Dr. Allen S. Lee has what he calls “a scary slide” in his presentation to young assistant professors.
Lee, a highly regarded scholar of information systems who spent 15 years on the editorial board of MIS Quarterly, shows professors who are on the tenure track a slide illustrating just how much time it takes to get published in a top research journal.
To put it simply: If you haven’t submitted a research paper for consideration by the end of your fourth year, you’re not likely to have something published when the review process concludes ahead of your seventh year.
“You have to hit the ground running,” said Lee, a professor of information systems at the School of Business at Virginia Commonwealth University. “The Ph.D. process is exhausting, but you can’t take that first year off.”
Lee brought that message to a group of tenure-track professors at the Howe School, which is putting a heavier emphasis on getting professors published in the top academic journals — with an additional focus on giving younger professors advice on how to get published. It’s all part of the ambitious strategic plan Howe adopted in 2012.
Those professors already know time is tight from the moment they’re hired, but it was helpful to see that timeline laid out for them, said Dr. Ricardo Collado, an assistant professor who joined Stevens in September,
“That’s gold,” he said of the slide. “That should be on the first page of every book we read.”
“It sounds like a lot, six years, but there’s so much that can happen and go wrong,” Collado said. “He was very open about his point of view and experiences, and the importance of making a plan to make sure you get published.”
Lee focused his message on how to get published, using his own experience both in academia and in publishing. One of the biggest considerations, he said, is perspective. Merely working hard on your research won’t guarantee publication, he said.
“You have to consider those editors,” he said. An editor at a journal who isn’t familiar with the kind of research you’re doing “should just be scratched off the list.”
Arranging to meet editors at conferences can help demystify the review process for assistant professors, which can help in packaging research for a journal.
“If you consider reviewers and editors to be your customers,” Lee said, “how do you present your research so they’ll buy it?
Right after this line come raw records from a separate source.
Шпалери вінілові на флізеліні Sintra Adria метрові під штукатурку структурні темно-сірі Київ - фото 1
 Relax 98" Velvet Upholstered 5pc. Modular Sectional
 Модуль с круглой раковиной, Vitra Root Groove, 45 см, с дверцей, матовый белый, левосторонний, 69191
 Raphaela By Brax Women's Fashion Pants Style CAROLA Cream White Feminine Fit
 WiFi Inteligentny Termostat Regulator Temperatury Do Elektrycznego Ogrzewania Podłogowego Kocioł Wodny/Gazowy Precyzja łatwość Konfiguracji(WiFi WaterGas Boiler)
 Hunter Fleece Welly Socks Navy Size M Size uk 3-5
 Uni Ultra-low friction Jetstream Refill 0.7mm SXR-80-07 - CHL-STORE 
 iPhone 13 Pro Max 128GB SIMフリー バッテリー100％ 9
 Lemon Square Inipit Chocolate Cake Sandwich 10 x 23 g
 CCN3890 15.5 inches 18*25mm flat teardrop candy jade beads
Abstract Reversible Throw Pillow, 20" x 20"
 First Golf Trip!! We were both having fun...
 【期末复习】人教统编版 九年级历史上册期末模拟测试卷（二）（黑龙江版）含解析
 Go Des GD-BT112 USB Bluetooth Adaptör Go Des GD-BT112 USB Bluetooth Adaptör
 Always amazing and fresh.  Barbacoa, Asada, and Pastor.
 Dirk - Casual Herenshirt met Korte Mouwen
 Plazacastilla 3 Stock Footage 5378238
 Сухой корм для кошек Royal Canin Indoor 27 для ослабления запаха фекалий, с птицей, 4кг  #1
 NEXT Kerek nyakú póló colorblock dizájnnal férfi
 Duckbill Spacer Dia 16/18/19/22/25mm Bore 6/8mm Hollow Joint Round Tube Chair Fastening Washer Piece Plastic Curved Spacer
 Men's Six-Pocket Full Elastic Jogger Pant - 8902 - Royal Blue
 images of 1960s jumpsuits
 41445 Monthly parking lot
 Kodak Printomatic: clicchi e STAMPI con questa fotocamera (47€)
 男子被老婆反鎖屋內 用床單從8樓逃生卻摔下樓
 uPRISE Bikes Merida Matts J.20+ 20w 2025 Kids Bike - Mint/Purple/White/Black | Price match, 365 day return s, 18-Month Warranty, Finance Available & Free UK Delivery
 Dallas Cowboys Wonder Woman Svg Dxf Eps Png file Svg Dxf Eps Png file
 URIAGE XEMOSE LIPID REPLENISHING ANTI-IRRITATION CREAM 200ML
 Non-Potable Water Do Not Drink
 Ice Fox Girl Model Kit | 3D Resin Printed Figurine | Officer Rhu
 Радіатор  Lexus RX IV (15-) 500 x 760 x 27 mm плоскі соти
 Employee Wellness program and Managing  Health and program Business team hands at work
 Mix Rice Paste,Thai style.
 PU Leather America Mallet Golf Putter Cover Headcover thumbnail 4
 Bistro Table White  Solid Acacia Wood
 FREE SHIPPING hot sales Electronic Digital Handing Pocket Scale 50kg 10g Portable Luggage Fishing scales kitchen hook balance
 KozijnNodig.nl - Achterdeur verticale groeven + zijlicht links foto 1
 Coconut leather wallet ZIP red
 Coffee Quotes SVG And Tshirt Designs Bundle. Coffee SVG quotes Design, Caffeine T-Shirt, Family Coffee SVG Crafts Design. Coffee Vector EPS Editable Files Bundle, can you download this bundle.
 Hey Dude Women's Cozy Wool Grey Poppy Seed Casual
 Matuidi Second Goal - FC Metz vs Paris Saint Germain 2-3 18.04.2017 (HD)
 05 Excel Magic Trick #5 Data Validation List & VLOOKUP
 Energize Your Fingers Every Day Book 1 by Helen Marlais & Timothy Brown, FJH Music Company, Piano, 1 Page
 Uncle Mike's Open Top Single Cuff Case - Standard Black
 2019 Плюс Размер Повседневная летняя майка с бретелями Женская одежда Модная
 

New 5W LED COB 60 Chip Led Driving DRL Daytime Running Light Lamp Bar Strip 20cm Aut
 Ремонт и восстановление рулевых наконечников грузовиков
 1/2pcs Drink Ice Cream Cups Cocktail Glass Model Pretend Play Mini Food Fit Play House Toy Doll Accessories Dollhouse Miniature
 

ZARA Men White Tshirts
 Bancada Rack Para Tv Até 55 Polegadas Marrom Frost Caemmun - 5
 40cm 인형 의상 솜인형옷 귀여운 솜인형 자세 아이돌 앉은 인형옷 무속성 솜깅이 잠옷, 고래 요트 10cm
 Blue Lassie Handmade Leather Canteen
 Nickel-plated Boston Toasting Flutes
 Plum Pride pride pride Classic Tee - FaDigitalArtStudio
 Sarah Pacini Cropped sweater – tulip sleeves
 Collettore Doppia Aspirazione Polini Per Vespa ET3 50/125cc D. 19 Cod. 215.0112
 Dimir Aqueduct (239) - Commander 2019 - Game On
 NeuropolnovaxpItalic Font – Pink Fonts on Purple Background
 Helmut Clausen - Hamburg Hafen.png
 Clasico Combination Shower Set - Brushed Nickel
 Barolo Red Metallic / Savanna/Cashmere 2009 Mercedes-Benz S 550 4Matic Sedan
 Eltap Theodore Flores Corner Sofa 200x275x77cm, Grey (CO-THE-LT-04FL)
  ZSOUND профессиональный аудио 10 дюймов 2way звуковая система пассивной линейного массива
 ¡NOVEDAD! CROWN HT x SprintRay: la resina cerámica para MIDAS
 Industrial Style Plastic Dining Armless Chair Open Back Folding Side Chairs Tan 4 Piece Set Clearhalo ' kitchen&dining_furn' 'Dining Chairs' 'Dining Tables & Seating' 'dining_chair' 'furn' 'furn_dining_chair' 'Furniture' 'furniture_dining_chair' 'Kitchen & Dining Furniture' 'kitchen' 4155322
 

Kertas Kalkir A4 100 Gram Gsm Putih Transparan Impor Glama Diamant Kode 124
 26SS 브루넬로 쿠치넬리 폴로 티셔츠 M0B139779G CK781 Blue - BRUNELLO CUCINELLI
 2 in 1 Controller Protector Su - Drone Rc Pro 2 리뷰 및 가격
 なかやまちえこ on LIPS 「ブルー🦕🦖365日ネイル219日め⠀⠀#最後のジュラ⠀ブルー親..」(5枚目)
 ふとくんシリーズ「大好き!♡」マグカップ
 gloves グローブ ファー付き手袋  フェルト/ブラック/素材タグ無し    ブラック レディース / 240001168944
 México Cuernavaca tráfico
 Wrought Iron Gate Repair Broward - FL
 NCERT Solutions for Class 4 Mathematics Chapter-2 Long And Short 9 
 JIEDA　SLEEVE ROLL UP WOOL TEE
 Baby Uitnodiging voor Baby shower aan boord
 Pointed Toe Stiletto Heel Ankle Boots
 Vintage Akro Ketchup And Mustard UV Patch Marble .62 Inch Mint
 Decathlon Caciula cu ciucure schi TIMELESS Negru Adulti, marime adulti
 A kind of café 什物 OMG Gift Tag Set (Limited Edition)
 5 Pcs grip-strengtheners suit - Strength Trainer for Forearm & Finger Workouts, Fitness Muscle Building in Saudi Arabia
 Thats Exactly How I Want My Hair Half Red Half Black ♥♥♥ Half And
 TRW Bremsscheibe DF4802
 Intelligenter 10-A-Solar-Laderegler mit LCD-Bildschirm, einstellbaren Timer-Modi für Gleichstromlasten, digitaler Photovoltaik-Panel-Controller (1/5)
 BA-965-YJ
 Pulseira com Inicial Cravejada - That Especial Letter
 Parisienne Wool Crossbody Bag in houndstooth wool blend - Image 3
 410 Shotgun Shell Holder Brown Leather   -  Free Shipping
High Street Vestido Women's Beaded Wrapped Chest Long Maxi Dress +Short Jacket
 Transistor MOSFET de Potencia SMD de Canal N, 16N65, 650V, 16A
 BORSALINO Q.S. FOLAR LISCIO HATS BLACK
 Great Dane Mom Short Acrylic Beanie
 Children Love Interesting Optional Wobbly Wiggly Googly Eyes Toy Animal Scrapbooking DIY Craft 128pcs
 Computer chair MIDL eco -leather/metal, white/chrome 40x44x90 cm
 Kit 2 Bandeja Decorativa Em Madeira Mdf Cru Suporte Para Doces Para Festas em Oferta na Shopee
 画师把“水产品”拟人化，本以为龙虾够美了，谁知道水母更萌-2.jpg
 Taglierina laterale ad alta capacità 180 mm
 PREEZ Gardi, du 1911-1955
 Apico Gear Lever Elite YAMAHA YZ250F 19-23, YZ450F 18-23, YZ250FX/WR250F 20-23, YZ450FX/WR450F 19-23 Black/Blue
That’s a critical piece of getting published.”
Failing to do so can be costly.
“Sending a paper to the wrong journal could cost you to lose a year, two years,” Collado said. “It’s all common sense, but it was so helpful to hear it from someone who really matters, whose opinion carries a lot of weight in publishing.”
The Howe School has a number of resources dedicated to helping tenure-track professors get published, including perspective from veterans like Lee and lunches with more experienced Howe professors who’ve been published many times.
“I’m impressed that the dean has set up a system where professors get the mentorship they need to get published,” said Lee, who did a sabbatical at Stevens five years ago.
That isn’t the case at most business schools. Leadership at Howe “knows the business of a business school,” Lee said. “The dean knows you need to make this investment to help professors. They know how to do the research, but that isn’t the same as knowing how to get your research published.”
Collado said he expects all the investment by the Howe School to pay off.
“I’m really impressed by the way they take care of us,” he said.
The ultimate goal for a young researcher is the Presidential Early Career Awards for Scientists and Engineers, a highly distinguished honor presented by the White House. Collado said it’s a lofty goal, but with a host of new, hungry faculty researchers and support from the top, it’s not out of reach.
“I would expect all this support will pay off in the long term, exponentially,” he said. “The hope is that one of us will get this.”